IIUC, we need gibbs sampling(to compute the weight updates) instead of using the gradient based forward and backward passes with today's NNetworks that we are used to. Any one understand why that is so?
Thought I'd weigh in here as well, I believe Gibbs sampling is being used as a way to approximate the expectation over the model distribution. This value is required to compute the gradient of the log likelihood but integrating the distribution is intractable.
This is done in a similar way as you may use MCMC to draw a representative sample from a VAE. In the deep learning formulation of a neural network the gradient is estimated over batches of the dataset rather than over an explicitly modeled probability distribution.
Not an expert, but I have a bit of formal training on Bayesian stuff which handles similar problems.
Usually Gibbs is used when there's no directly straight-forward gradient (or when you are interested in reproducing the distribution itself, rather than a point estimate), but you do have some marginal/conditional likelihoods which are simple to sample from.
Since each visible node depends on each hidden node and each hidden node effects all visible nodes, the gradient ends up being very messy, so its much simpler to use Gibbs sampling to adjust based on marginal likelihoods.
I might be mistaken, but I think this is partly because of the undirected structure of RBMs, so you can't build a computational graph in the same way as with feed-forward networks.
By "undirected structure" I assume you refer to the presence of cycles in the graph? I was taught to call such networks "recurrent" but it seems that that term has evolved to mean something slightly different.
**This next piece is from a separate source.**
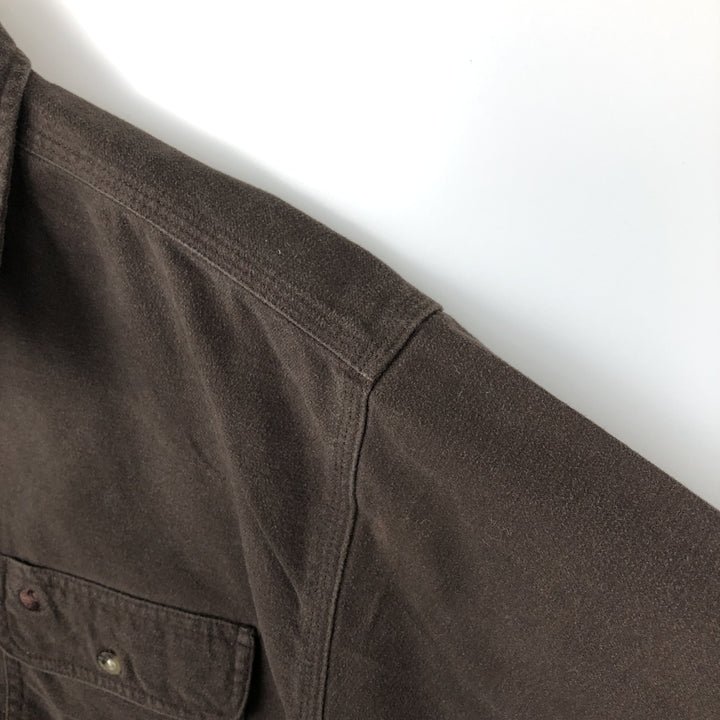 Carhartt Long Sleeve Light Flannel Shirt, Men's XL cotton brown type Vintage Second Hand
Anyway yeah, because of the cycles Gibbs sampling is key to the network's operation. One still employs gradient descent during training, but the procedure to calculate the gradient itself involves Gibbs sampling.
Edit: Actually was talking about the General Boltzmann Machine. For the Restricted Boltzmann Machine an approximation has been assumed which obviates the need for full Gibbs sampling during training. Then (quoting the article, emphasis mine) "after training, it can sample new data from the learned distribution using Gibbs sampling."